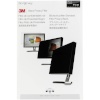 3M kaitsekile PF173W9B Privacy Filter 17,3" 16:9 must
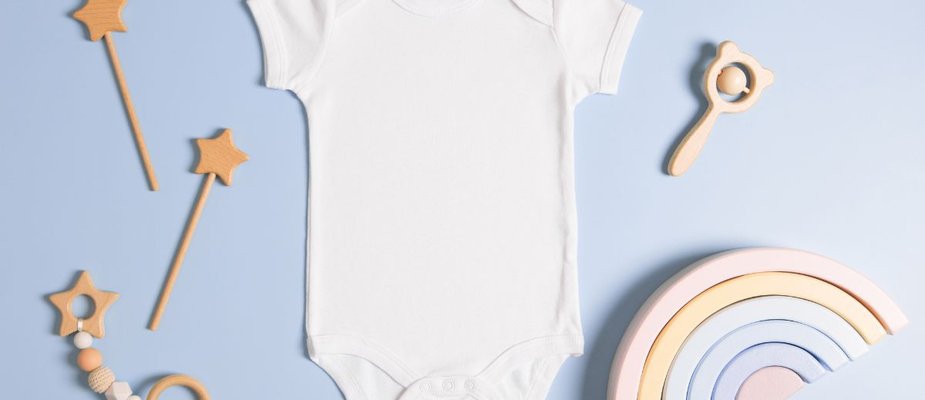 Como fazer macaquinho para bebê: Passo a passo para criar a roupinha ideal para seu bebê! Como fazer macaquinho para bebê: Passo a passo para criar a roupinha ideal para seu bebê!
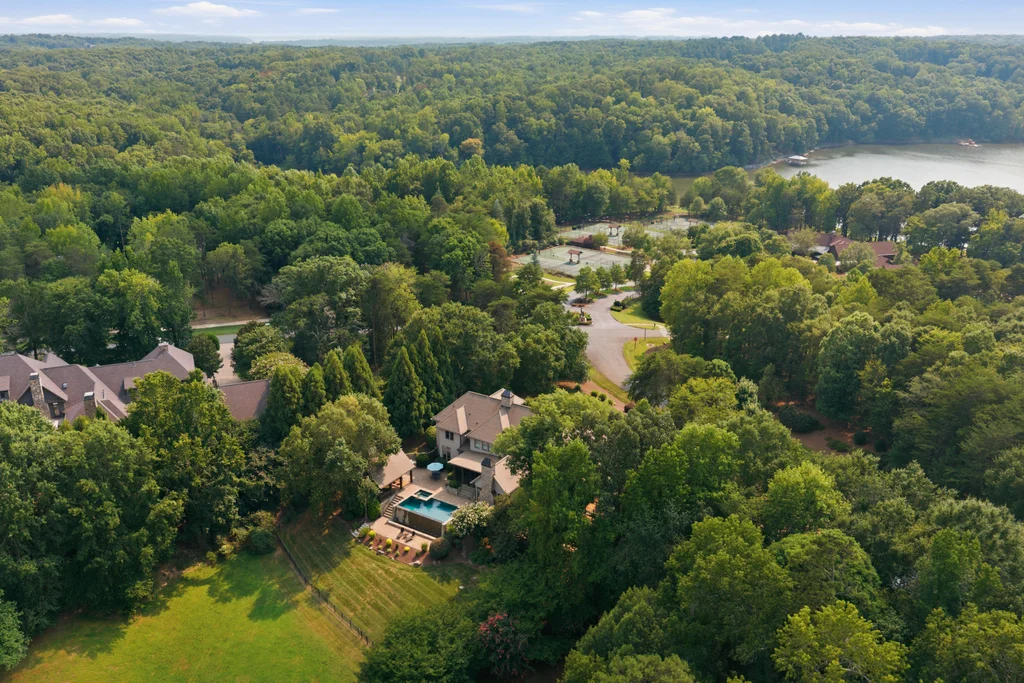 10220WildlifeRd_Drone_008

_Task objective_
Without altering anything, output all the lines above but none of the images.

_Solution to the exercise_
 3M kaitsekile PF173W9B Privacy Filter 17,3" 16:9 must
 Como fazer macaquinho para bebê: Passo a passo para criar a roupinha ideal para seu bebê! Como fazer macaquinho para bebê: Passo a passo para criar a roupinha ideal para seu bebê!
 10220WildlifeRd_Drone_008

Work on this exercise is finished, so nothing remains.